Of course, the most significant missing element is CEO Steve Jobs, who skipped Apple’s final MacWorld keynote. The vendor says it won’t participate in the 2010 edition of the conference, but some attendees and industry veterans here say that might change by next January. I doubt it, since Apple keynote address included the fact that Apple Stores bring in the equivalent of 100 MacWorlds every year, some 3.5 million.
Nobody here on the expo floor is bemoaning Apple’s exit, at least not in any public way. There are 40,000 attendees at this conference, down about 15 percent from last year. But putting 40,000 people in an expo center for three days generates a vastly different kind of energy, enthusiasm and optimism. The take-away walking out of these halls is a quantum leap of power over leaving an Apple Store, even after a One-to-One class, personal shopper session or a business consult.
Much of that is because of the vast range of solutions the Store knows little about. In a 300 square foot section of the expo floor I found four different document scanning and data storage solutions. Ways to capture business cards, store receipts. Some advertised integration with Filemaker, (Intelliscanner Mini) others could read data off a PDF created by an included scanner (NeatReceipts), and other offered communication using the auto-sync features of Address Book. Then there’s the mailing solutions, all demonstrated by people who answer questions without hesitation or reference to their company’s experts.

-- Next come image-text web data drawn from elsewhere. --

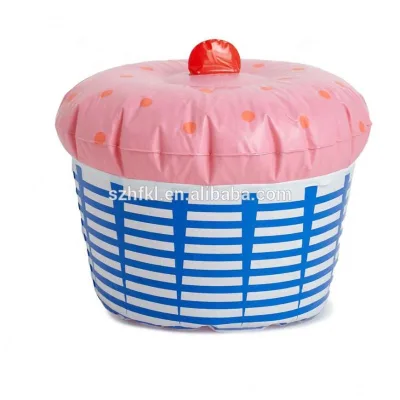 Party Decor Sweet Child Inflatable Cupcake Pool Float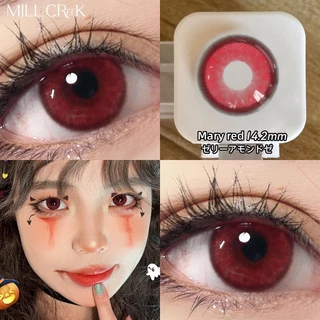 Vampiro Halloween Lentes De Contato Cosméticos Vermelhos 2022 Nova Lindas Alunas Com Grau 14,2mm Cosplay 2 Pçs De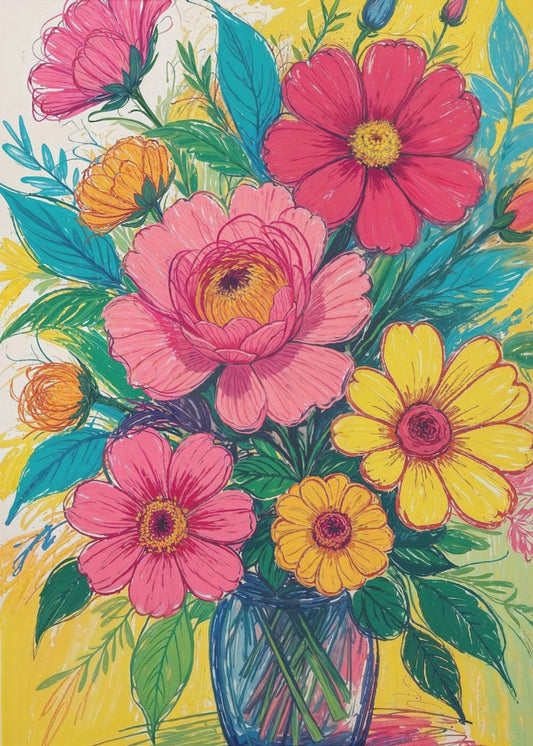 Bloeiende Bloemen | Canvas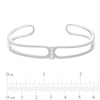 Thumbnail Image 3 of Diamond Three-Stone Cuff Bangle Bracelet 1 ct tw Round-cut 10K White Gold
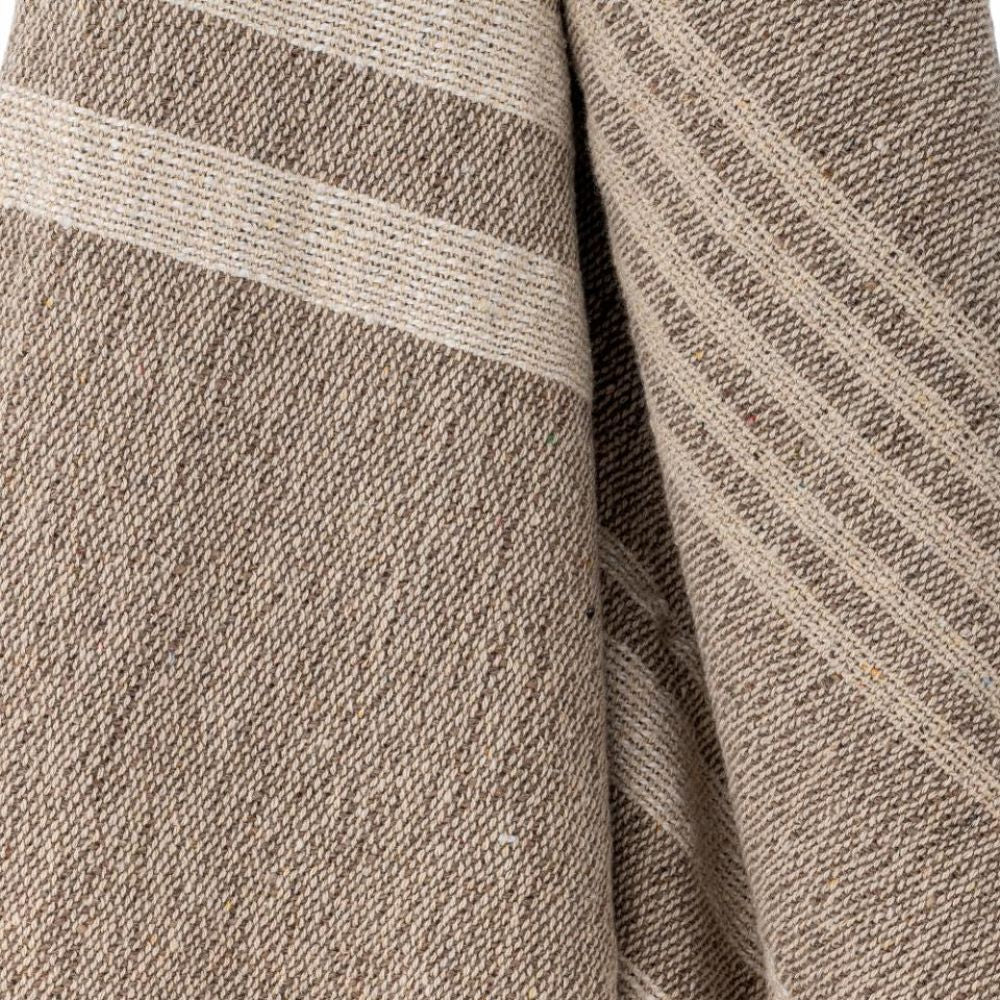 Plaid Lumi, marron, coton recyclé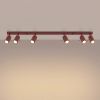Plafonniers Acier Bordeaux GU10 6 RING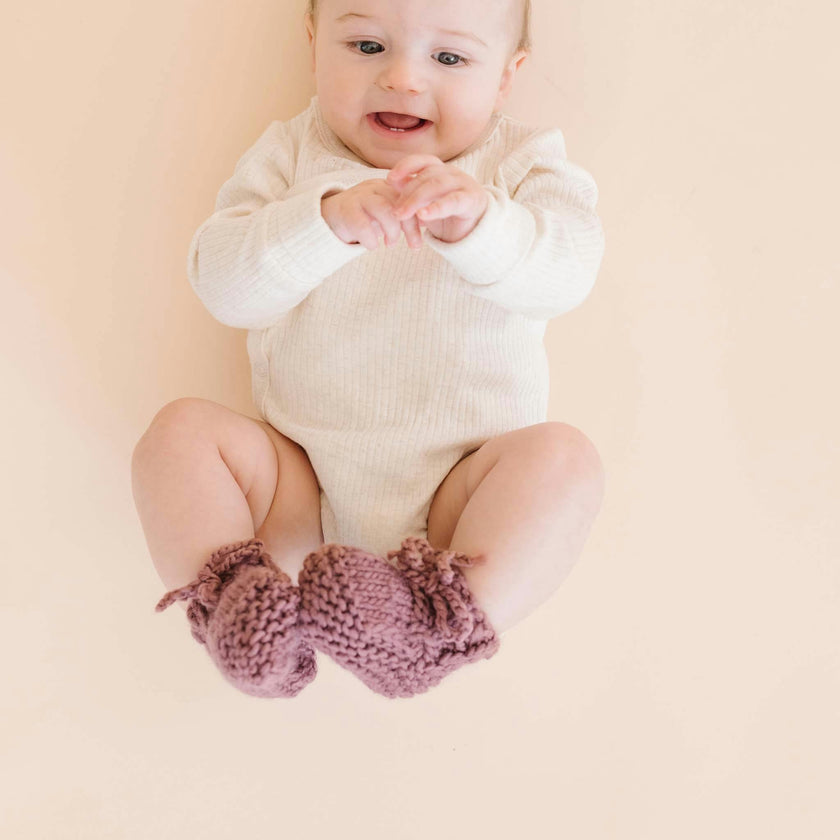 Classic Booties - Mauve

That’s a range you will never find in an Apple Store, because there’s 40,000 customers waiting to walk the aisles of two halls. The keynote, the classes — they’re just the icing on the cake and between the layers. As with any in-person conference, the networking and even listening to other customers questions at the booth teaches so much more than any Apple Store.
Best of all, arriving here on a $45 expo pass can earn that much in a discount for a single purchase, like a renewal for Lynda.com, the premier training Web site for applications and Macintosh and iPhone basic skills. It’s $250 for Lynda for a year, but just $200 here. And signing up got me a free $40 MacBlast ticket for tonight’s party. Perhaps it was the media badge, but perhaps not.